Dopo aver sagomato la lamina sulla superficie, si procederà ripiegando la parte eccedente del foglio di piombo sul bordo dell’aggetto (praticando dei tagli così da consentirne la piegatura) utilizzando, per questo, una tavoletta di legno appoggiata sul lembo piegato battendola, lievemente, con un’altra tavoletta in modo da farla meglio aderire alla superficie. Il materiale in eccesso potrà essere tagliato utilizzando un ferro piegato ad L dotato di punta sull’estremità: il passaggio del ferro sull’estradosso dell’aggetto garantirà il taglio della lamina. Le sovrapposizioni delle parti ripiegate potranno essere fermate tramite graffette così da impedirne il movimento. Si procederà poi nella pulitura, mediante spazzola metallica, dei lembi da saldare così da renderli scabri; la superficie dovrà essere scaldata con un cannello a gas applicando contemporaneamente la stearina (in modo da garantire la perfetta adesione del metallo al riporto), infine si fonderà una barretta composta di una lega di stagno e piombo sul giunto da sigillare. La perfetta adesione e stabilità delle protezioni sommitali delle superfici aggettanti (specialmente se di considerevoli dimensioni) potrà essere ulteriormente garantita con la messa in opera
di tasselli chiodati di cui si dovrà provvedere a proteggere la testa con un rettangolo di piombo saldato alla lastra principale in modo da ostruire i fori, evitando possibili infiltrazione di acqua.
Art. 59
SOSTITUZIONI
Agli interventi di sostituzione totale o parziale di componenti dell’edificio (murature, orizzontamenti, manti e substrati, rivestimenti, pavimentazioni e substrati, intonaci, tinteggiature, infissi interni ed esterni, serramenti, ringhiere, grate, eventuali sistemi impiantistici storico-tradizionali, ecc.) si farà ricorso esclusivamente in presenza di elementi e materiali spurii di cui, in progetto o in corso d’opera ad insindacabile giudizio della D.L., sia accertata l’incompatibilità con il decoro formale dell’edificio e/o con le caratteristiche chimico-fisiche, meccaniche, geometrico-formali ed estetiche delle componenti, dei materiali e delle tessiture originali; la sostituzione è ammessa, altresì, per componenti originali o storiche, allorquando ragioni di salvaguardia e conservazione del singolo elemento o dell’intero bene ne impediscano la permanenza in situ; in entrambi i casi ci si atterrà alle prescrizioni progettuali o, in caso di esigenza manifestatasi in c.o., a quanto disposto dalla D.L.

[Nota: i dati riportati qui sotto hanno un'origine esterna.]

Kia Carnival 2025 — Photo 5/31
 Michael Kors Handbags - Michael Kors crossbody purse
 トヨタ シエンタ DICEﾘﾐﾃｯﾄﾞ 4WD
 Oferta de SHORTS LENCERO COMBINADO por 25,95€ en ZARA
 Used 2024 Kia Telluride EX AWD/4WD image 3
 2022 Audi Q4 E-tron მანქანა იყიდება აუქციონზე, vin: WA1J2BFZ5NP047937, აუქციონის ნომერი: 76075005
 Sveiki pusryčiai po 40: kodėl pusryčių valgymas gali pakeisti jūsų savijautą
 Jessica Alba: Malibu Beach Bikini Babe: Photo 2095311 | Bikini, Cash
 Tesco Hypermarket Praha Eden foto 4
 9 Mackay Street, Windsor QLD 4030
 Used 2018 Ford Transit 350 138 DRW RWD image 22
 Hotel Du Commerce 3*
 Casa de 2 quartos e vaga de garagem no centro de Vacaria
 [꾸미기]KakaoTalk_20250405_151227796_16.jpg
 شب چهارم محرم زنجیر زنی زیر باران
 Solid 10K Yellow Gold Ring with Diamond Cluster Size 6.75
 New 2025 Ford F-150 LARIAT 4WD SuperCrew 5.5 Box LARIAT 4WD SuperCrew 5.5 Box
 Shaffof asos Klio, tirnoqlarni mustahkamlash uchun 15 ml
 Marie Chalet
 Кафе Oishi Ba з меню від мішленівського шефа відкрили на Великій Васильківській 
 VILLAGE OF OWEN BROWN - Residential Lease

Le eventuali sostituzioni dovranno essere eseguite ricorrendo a materiali e tecniche analoghe agli originali, adottando tutte le cautele necessarie per garantire la sicurezza e l’integrità delle parti e strutture adiacenti.
Per la definizione delle modalità esecutive si rinvia ai rispettivi articoli del presente capitolato relativi alle nuove realizzazioni.
Art. 60
OPERE DI TINTEGGIATURA — VERNICIATURA
Le operazioni di tinteggiatura o verniciatura dovranno essere precedute da un'accurata preparazione delle superfici interessate (raschiature, scrostature, stuccature, levigature etc.) con sistemi idonei ad assicurare la perfetta riuscita del lavoro.
La miscelazione e posa in opera di prodotti monocomponenti e bicomponenti dovrà avvenire nei rapporti, modi e tempi indicati dal produttore.
Tutti i prodotti dovranno trovarsi nei recipienti originali, sigillati, con le indicazioni del produttore, le informazioni sul contenuto, le modalità di conservazione ed uso e quanto altro richiesto per una completa definizione ed impiego dei materiali in oggetto.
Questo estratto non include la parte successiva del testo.